Inquiétude confirmée par la sortie du film : les critiques sont désastreuses, et même à Londres, c'est un échec cuisant. Le film est un désastre commercial et semble voué aux gémonies. Pour vaguement tenter de rentabiliser un tant soit peu son investissement, le studio le cantonne progressivement dans les séances de minuit, où il côtoie d’autres parias du box-office, d'El Topo à La Nuit des morts-vivants. Et là, le miracle s’opère, comme il ne s’est à peu près jamais opéré, ni avant, ni après. Progressivement, un noyau dur se constitue d’amateurs revenant voir le film presque chaque jour, l’enrichissant peu à peu de répliques lancées à la cantonade, agrémentant la séance d’accessoires (du riz pendant la scène du mariage, des pistolets à eau pour la pluie), puis venant rejouer devant l’écran quelques-unes des séquences musicales simultanément à la projection...

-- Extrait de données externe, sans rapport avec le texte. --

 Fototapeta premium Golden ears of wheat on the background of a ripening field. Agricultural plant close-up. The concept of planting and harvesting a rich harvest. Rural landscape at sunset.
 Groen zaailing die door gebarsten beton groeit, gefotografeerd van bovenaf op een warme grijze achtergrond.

Au départ limitée à ce cercle de fans un peu déviants, la réputation du film va grandissant, et les séances se multiplient : quatre ans après sa sortie, il est montré en sessions hebdomadaires sur plus de deux cents écrans américains, très vite rejoints par des cinémas à Munich, à Londres ou à Paris. Le Studio Galande, dans le 5ème arrondissement, diffuse ainsi le film toutes les semaines depuis 1978, animé par des troupes d’amateurs qui rejouent le film et convient le public à participer à la séance, à tel point que, pour bon nombre d'assidus du film, il semble désormais exclu de le voir sans ce décorum périphérique.

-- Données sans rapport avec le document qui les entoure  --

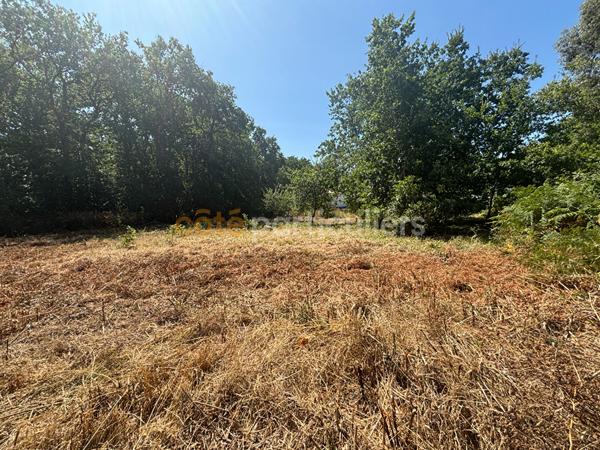 Vente
                Terrain1203 m² - ETAULES (17750)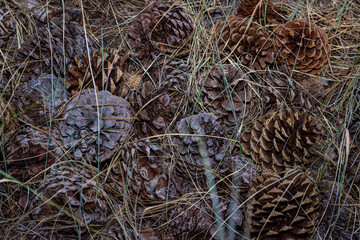 Pine cones among dry grass in the forest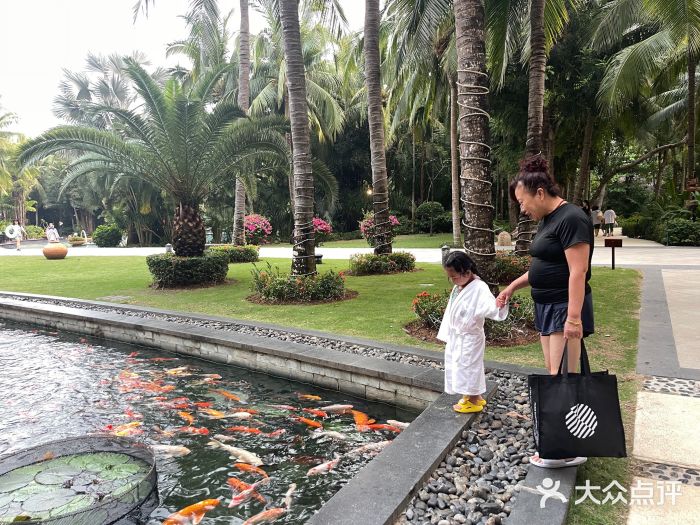 三亚湾海居雅高铂尔曼度假酒店图片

Le mécanisme qui s’est opéré est insolite et si l’épithète « culte » est souvent galvaudé dans le vocabulaire cinéphile, peu de films le méritent autant que ce Rocky Horror Picture Show, film pour lequel la dévotion de ses fidèles a en effet quelque chose de mystique, de religieux presque, avec une soumission à des rituels et à des incantations collectives, sous l’œil souvent consterné ou inquiet de ceux qui en sont (pour le moment) exclus. Grand gourou de la secte des fans du RHPS, l’Américain Sal Piro aurait vu le film plus de trois mille fois depuis 1977... N’en jetez plus, ces gens sont à enfermer, et l’objet de leurs rites païens hérétiques est à brûler ! Eh bien, écoutez... ce serait dommage...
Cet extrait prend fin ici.